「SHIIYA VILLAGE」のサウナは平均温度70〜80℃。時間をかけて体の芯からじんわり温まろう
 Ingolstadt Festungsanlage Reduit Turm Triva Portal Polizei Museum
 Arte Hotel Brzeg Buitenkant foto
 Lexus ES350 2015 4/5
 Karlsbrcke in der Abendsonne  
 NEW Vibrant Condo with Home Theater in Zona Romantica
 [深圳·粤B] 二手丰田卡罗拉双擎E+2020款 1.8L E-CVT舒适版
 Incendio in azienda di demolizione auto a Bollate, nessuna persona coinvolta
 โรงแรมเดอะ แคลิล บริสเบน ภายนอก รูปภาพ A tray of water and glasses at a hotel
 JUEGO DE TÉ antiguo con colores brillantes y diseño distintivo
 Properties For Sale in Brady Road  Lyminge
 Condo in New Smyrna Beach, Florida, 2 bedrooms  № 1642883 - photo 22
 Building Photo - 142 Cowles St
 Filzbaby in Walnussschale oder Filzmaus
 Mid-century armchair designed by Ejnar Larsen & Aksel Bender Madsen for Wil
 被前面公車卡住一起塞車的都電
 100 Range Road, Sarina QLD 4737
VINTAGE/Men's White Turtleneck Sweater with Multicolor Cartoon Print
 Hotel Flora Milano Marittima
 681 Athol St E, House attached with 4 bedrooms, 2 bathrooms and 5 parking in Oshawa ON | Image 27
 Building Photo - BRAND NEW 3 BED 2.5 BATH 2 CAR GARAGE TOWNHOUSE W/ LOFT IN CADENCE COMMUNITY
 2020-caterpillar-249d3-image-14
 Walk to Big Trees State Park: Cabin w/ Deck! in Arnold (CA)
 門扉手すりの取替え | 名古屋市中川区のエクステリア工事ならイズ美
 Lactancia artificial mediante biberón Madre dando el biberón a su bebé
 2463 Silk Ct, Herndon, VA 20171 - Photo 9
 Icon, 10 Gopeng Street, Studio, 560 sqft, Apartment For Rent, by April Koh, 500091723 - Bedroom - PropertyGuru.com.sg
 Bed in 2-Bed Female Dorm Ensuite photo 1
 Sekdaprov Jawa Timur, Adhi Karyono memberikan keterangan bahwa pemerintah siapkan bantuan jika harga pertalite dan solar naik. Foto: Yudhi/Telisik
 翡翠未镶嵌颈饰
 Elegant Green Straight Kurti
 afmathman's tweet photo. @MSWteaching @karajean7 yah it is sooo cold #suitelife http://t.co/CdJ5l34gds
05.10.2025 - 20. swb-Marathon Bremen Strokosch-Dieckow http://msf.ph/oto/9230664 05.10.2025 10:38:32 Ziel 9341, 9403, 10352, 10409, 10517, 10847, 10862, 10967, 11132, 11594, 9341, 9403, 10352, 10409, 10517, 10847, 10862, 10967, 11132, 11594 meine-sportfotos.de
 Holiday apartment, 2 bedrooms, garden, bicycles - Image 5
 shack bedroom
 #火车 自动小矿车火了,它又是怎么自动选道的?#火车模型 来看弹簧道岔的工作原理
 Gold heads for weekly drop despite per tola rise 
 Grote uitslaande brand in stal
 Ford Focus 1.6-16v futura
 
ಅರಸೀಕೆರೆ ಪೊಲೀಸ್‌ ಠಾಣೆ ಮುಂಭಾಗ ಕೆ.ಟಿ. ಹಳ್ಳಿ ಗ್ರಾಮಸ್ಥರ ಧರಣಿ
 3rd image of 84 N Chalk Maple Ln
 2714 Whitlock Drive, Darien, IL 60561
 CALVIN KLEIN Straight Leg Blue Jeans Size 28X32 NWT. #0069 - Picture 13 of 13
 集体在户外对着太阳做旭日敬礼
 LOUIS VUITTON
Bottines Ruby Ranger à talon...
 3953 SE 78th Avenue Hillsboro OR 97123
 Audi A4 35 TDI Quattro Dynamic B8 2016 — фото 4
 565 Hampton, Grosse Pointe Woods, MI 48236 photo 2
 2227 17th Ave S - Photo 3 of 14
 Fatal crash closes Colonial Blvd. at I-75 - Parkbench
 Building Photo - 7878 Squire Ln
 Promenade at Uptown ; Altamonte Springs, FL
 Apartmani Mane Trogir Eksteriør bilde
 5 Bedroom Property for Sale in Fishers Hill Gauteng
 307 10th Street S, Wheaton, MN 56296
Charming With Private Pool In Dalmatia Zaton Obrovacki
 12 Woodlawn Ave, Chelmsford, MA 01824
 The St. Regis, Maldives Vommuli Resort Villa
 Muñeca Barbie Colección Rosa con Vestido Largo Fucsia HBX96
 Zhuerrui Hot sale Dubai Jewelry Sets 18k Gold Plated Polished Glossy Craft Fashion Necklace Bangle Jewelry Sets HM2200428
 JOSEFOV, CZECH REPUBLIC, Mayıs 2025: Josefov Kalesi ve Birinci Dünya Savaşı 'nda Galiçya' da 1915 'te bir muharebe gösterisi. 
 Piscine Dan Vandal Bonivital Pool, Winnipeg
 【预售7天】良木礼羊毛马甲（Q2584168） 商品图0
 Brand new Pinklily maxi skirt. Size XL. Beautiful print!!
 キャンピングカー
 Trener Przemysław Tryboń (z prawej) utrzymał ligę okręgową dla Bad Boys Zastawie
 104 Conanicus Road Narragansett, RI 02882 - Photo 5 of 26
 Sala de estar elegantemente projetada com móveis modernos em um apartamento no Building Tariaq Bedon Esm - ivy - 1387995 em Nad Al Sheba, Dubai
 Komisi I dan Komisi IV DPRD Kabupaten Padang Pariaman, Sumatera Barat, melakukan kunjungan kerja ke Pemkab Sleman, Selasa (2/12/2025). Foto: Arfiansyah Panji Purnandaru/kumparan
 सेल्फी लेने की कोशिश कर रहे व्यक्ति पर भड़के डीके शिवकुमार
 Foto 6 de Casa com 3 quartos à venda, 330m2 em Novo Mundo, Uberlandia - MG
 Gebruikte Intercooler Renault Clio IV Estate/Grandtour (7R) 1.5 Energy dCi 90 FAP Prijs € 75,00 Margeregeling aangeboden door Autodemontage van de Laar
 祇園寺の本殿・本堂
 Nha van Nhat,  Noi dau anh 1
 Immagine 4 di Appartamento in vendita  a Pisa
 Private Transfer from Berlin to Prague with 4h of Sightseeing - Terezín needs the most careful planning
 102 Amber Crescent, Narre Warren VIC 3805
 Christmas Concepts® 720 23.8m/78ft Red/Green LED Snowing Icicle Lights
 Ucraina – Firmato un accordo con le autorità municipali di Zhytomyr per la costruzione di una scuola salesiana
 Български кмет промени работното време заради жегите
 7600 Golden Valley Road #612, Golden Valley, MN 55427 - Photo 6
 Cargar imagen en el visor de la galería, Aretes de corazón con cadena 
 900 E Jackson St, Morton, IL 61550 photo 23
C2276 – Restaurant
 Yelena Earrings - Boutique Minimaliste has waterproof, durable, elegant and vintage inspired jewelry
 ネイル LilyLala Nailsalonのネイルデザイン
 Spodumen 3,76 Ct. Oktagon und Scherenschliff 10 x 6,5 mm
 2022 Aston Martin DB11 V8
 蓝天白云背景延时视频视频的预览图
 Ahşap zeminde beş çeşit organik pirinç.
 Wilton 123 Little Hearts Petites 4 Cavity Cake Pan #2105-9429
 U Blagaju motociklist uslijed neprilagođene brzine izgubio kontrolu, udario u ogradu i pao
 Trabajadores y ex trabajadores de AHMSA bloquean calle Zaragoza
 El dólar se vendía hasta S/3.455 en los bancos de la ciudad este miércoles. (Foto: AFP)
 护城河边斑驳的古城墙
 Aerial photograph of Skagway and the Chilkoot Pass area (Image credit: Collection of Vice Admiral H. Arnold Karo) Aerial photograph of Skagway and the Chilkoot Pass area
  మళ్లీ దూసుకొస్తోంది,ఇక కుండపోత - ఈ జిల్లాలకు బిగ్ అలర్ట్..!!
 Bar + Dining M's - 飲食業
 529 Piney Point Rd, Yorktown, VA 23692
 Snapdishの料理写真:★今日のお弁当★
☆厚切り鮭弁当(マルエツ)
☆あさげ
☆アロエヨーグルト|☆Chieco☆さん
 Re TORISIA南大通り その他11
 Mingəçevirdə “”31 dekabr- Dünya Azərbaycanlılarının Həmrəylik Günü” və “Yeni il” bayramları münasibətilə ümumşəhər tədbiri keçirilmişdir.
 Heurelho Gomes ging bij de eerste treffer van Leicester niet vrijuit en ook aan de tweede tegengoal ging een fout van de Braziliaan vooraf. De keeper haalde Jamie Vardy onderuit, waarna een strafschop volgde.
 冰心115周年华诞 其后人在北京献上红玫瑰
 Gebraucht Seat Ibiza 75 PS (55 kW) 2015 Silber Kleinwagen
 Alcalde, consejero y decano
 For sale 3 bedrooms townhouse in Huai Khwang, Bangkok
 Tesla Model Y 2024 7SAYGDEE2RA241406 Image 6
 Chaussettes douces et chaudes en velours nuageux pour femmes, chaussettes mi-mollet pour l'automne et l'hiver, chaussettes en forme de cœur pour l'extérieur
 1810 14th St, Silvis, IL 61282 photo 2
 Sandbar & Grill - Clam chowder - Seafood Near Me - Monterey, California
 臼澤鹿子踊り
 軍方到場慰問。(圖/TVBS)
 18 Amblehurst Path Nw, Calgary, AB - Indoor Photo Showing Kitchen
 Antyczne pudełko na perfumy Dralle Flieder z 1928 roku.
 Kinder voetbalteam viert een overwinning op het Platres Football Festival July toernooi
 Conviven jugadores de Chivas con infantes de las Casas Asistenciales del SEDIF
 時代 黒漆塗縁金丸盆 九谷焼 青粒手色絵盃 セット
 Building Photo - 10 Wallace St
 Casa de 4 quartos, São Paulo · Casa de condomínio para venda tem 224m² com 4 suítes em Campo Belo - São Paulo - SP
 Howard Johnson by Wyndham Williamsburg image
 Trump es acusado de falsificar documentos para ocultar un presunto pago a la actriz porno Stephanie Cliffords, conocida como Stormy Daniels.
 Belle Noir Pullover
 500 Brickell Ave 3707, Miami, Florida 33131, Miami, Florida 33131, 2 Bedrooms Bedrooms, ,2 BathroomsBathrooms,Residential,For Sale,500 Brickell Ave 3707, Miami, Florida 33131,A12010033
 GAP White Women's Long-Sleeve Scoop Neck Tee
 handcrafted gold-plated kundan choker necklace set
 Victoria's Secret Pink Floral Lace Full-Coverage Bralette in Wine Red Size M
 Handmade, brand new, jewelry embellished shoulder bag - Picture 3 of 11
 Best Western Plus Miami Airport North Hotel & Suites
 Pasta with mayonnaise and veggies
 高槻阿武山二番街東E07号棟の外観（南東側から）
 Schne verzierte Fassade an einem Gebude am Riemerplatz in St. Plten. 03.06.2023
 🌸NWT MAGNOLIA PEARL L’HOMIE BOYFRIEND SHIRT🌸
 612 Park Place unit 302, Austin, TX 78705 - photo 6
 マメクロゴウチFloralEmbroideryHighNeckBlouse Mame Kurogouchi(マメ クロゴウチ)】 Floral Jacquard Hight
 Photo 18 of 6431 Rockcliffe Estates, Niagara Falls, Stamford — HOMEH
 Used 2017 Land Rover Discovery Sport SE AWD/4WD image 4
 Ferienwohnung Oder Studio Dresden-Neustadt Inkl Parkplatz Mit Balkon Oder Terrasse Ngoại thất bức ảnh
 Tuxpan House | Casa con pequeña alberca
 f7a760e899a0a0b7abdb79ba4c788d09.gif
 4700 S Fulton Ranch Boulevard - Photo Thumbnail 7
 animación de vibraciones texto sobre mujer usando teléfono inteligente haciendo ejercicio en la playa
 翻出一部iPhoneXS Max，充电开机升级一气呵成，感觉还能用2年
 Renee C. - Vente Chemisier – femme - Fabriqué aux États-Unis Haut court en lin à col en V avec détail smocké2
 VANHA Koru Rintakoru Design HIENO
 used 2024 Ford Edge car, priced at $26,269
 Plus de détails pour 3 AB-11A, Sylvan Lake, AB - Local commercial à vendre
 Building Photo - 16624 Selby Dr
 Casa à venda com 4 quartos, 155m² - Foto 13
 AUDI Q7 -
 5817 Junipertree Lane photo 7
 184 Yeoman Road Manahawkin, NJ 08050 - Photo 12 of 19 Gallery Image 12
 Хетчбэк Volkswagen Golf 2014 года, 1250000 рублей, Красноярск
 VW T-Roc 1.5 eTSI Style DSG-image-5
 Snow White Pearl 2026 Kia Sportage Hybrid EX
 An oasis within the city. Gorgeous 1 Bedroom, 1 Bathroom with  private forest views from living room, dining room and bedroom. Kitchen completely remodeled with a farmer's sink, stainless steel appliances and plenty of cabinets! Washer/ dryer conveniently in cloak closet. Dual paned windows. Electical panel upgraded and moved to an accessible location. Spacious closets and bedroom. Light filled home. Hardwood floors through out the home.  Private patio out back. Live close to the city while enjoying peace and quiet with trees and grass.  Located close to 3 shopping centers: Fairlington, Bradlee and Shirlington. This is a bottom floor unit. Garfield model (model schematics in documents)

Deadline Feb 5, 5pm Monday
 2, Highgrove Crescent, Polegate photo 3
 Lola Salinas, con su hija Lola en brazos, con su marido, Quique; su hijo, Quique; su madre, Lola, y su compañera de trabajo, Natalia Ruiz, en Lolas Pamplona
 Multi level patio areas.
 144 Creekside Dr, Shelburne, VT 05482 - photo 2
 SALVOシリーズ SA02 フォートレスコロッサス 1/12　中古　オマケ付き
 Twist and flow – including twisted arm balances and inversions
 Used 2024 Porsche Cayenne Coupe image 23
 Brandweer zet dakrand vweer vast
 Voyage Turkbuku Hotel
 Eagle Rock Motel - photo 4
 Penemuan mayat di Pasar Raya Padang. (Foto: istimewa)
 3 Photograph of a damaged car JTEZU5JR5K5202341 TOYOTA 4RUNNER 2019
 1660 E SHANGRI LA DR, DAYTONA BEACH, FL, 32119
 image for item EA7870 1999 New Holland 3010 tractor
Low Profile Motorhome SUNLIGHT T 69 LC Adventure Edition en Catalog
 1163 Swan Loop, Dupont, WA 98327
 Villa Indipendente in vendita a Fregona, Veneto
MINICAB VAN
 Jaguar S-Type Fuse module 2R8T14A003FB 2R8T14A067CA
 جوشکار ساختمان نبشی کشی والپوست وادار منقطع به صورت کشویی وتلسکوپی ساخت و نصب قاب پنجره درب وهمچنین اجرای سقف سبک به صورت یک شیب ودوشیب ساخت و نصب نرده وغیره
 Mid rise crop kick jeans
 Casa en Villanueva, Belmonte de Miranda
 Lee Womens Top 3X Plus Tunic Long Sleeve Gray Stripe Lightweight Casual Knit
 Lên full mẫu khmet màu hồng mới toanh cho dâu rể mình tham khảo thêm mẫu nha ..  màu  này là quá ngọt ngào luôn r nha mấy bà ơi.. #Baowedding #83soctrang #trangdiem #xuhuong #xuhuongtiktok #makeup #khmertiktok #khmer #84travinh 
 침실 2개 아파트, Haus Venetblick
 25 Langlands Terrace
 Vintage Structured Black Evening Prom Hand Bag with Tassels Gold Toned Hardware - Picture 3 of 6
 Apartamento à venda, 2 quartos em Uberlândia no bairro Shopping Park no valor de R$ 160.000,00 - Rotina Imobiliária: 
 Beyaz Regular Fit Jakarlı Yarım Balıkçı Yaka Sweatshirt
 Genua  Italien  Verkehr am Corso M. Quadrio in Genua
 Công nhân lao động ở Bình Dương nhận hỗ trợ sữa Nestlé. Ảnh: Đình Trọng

──────────────────────────────

● Work required:
Give back, word for word, only the lines above from the line holding "Grote uitslaande brand in stal" to the line holding "2714 Whitlock Drive, Darien, IL 60561", both included.

● Solution to this exercise:
 Grote uitslaande brand in stal
 Ford Focus 1.6-16v futura
 
ಅರಸೀಕೆರೆ ಪೊಲೀಸ್‌ ಠಾಣೆ ಮುಂಭಾಗ ಕೆ.ಟಿ. ಹಳ್ಳಿ ಗ್ರಾಮಸ್ಥರ ಧರಣಿ
 3rd image of 84 N Chalk Maple Ln
 2714 Whitlock Drive, Darien, IL 60561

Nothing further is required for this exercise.